Exercise directions: Restate, exactly as written, the entries below from the line that holds "Mersey traghetto per" through the line that holds "1403 N 40th St, East Saint Louis, IL 62204". Pictures are not part of the copy.

The input:
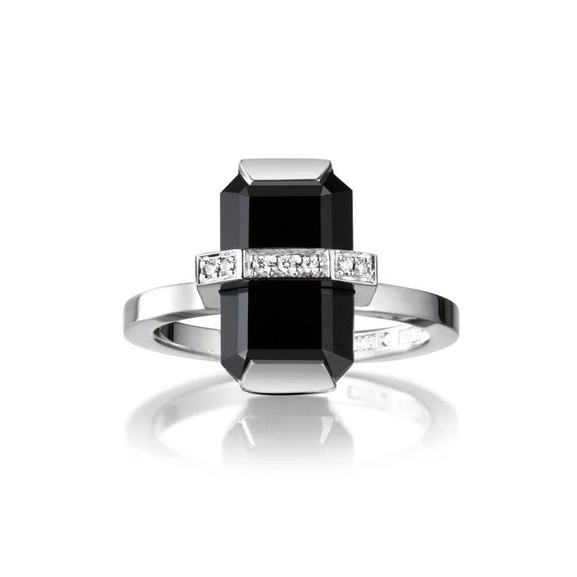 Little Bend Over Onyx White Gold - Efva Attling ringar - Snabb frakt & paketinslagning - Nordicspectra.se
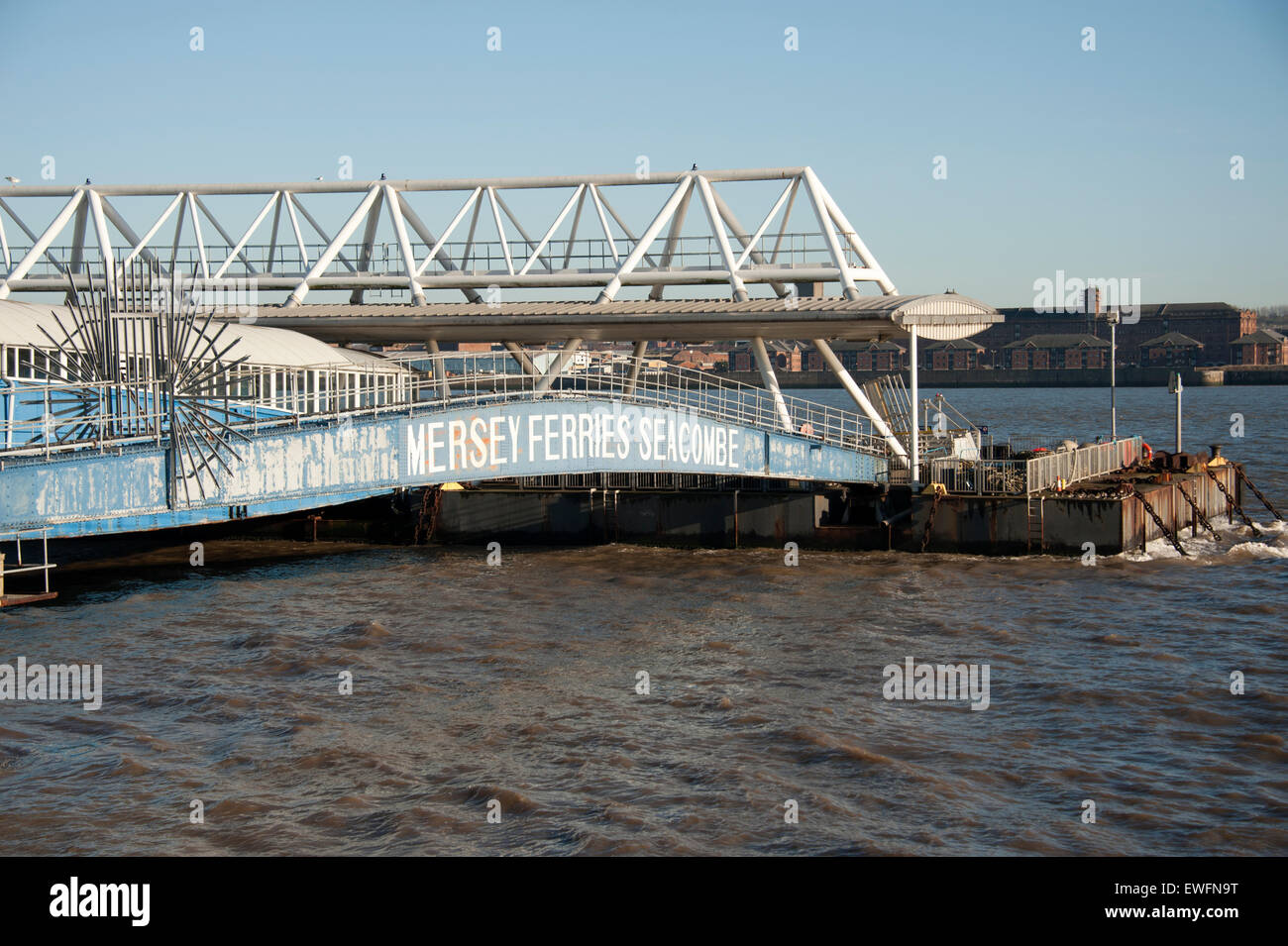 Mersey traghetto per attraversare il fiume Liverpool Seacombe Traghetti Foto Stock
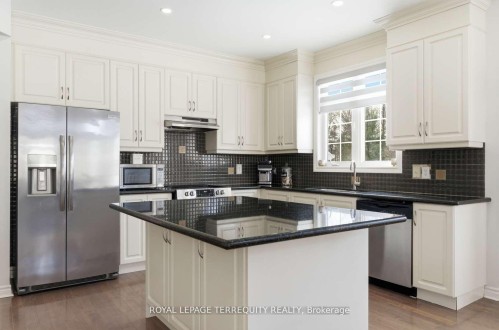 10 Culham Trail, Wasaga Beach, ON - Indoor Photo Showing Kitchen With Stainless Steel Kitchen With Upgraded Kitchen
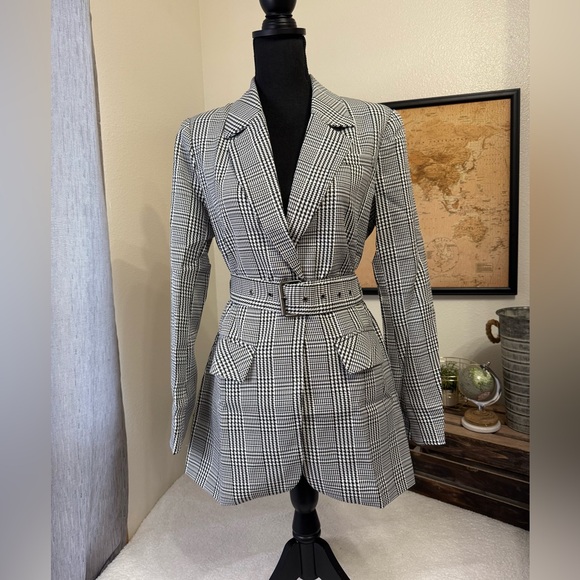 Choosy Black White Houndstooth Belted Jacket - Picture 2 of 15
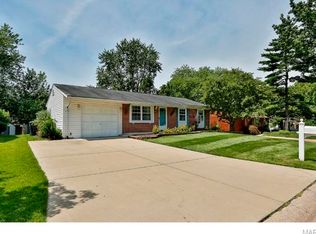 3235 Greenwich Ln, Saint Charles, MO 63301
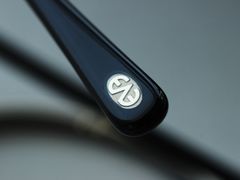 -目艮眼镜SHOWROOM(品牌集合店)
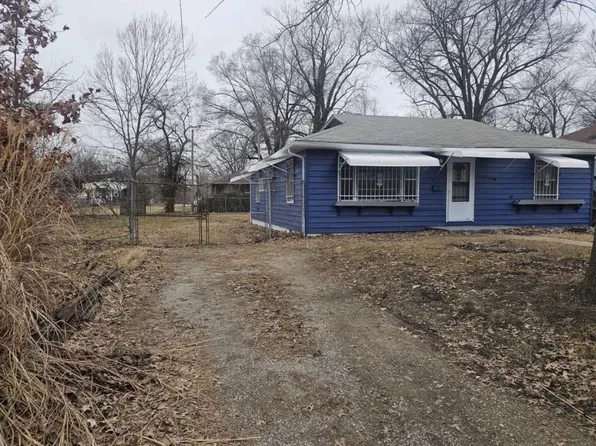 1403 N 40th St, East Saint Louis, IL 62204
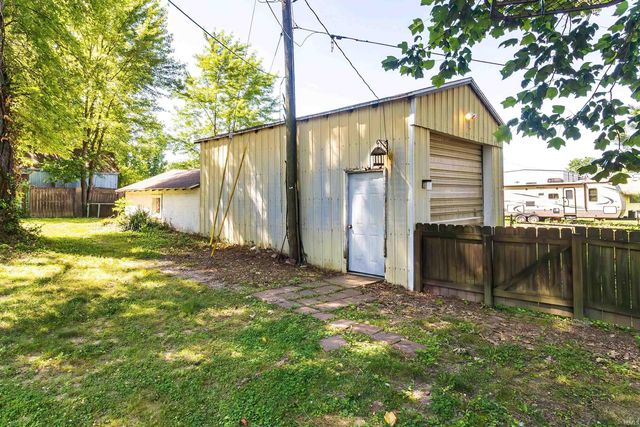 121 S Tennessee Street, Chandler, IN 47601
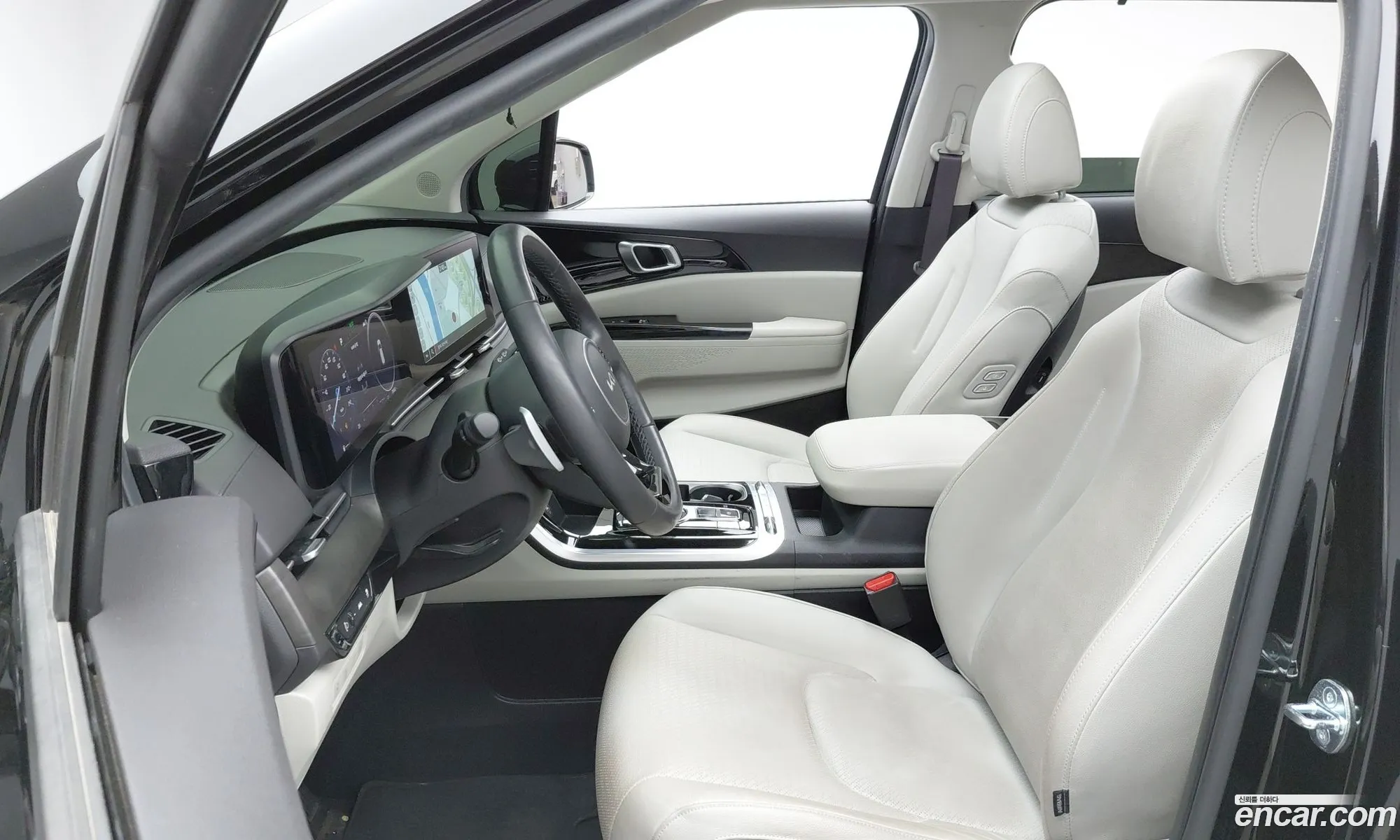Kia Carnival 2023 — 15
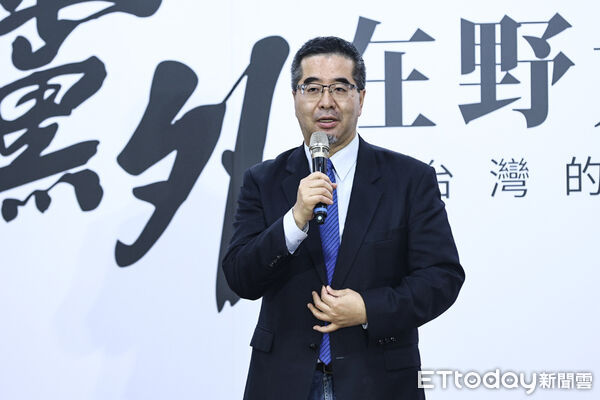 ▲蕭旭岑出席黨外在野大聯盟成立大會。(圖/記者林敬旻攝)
* * *
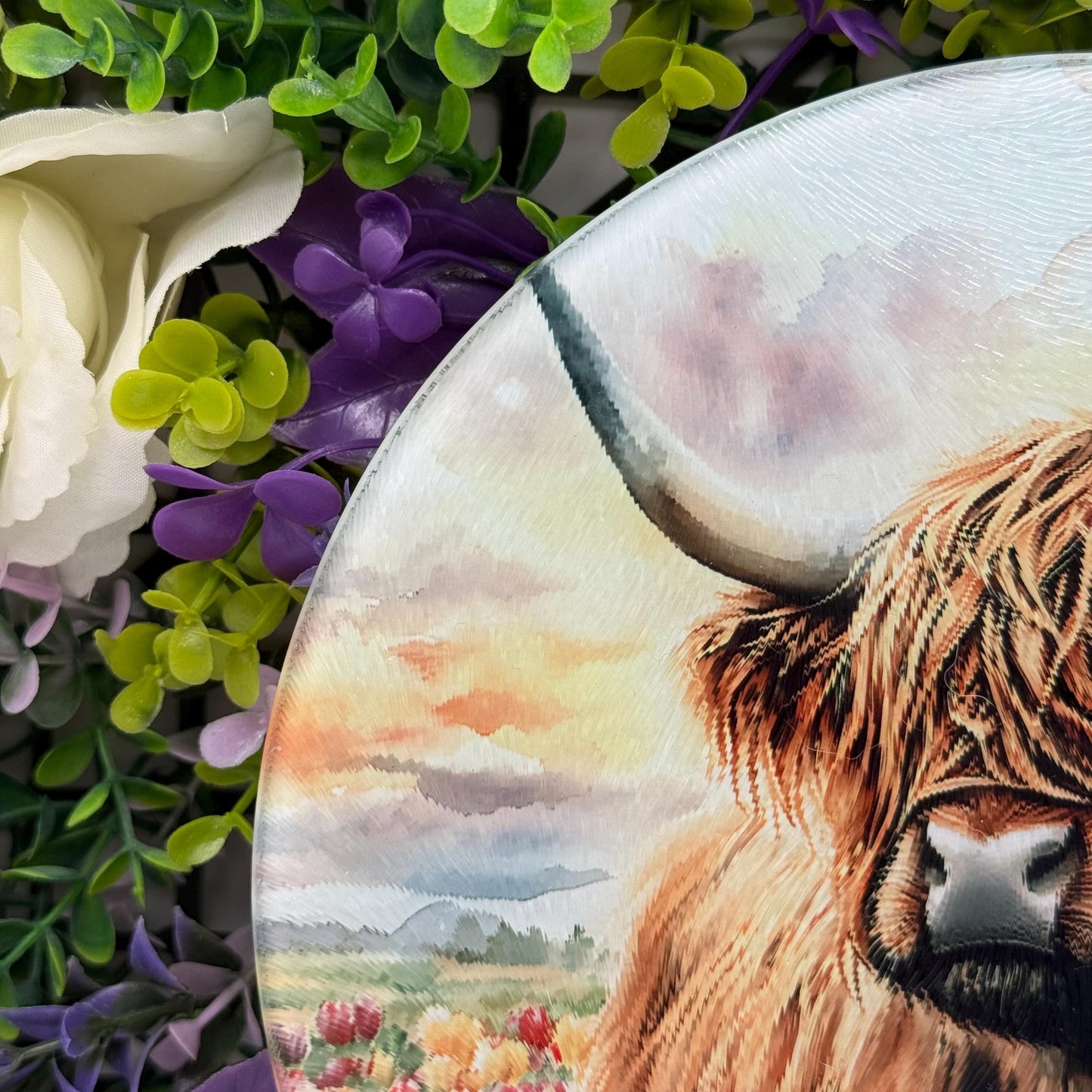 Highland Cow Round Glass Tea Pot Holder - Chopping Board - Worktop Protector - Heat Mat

Response to this exercise:
 Mersey traghetto per attraversare il fiume Liverpool Seacombe Traghetti Foto Stock
 10 Culham Trail, Wasaga Beach, ON - Indoor Photo Showing Kitchen With Stainless Steel Kitchen With Upgraded Kitchen
 Choosy Black White Houndstooth Belted Jacket - Picture 2 of 15
 3235 Greenwich Ln, Saint Charles, MO 63301
 -目艮眼镜SHOWROOM(品牌集合店)
 1403 N 40th St, East Saint Louis, IL 62204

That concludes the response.